= Aim of the task =
Begin the copy at the line containing "Ngk Iridium Ix" in the data below and end it at the line containing "Apartamento, 2 quartos, 66 m² - Foto 12", keeping each line exact and leaving out pictures.

.....

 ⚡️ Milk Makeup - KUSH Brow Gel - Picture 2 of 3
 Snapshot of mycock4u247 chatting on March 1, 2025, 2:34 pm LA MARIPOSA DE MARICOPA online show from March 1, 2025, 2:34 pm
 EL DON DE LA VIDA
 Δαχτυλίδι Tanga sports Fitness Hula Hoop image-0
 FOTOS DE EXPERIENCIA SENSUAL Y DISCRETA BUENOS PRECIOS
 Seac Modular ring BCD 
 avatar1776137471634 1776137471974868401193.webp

.....

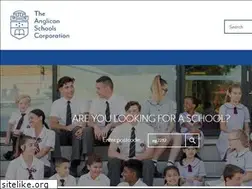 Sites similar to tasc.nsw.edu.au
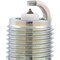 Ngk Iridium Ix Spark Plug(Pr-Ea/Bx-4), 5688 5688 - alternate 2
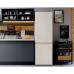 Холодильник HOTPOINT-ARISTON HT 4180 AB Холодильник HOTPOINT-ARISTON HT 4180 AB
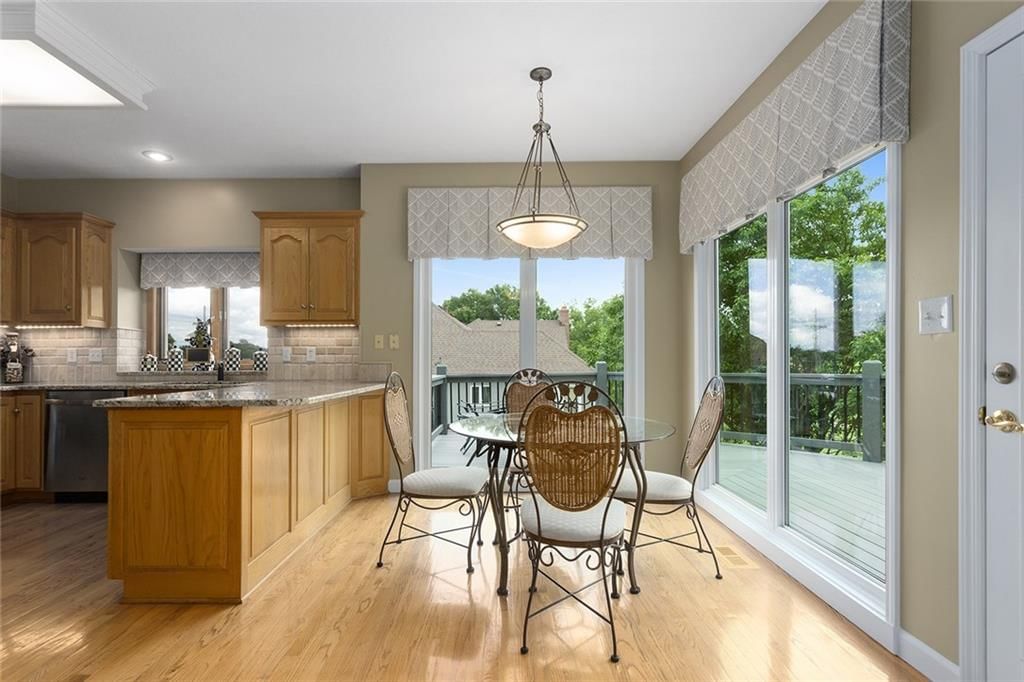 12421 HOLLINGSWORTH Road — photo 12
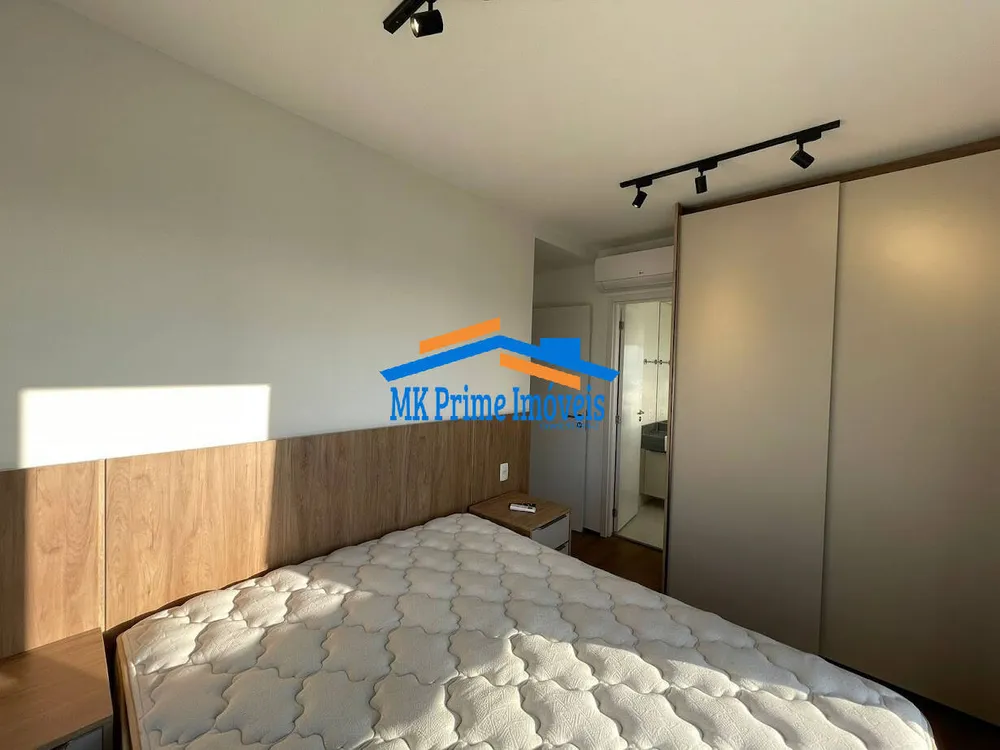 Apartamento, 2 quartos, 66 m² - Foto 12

.....

= Task response =
 Ngk Iridium Ix Spark Plug(Pr-Ea/Bx-4), 5688 5688 - alternate 2
 Холодильник HOTPOINT-ARISTON HT 4180 AB Холодильник HOTPOINT-ARISTON HT 4180 AB
 12421 HOLLINGSWORTH Road — photo 12
 Apartamento, 2 quartos, 66 m² - Foto 12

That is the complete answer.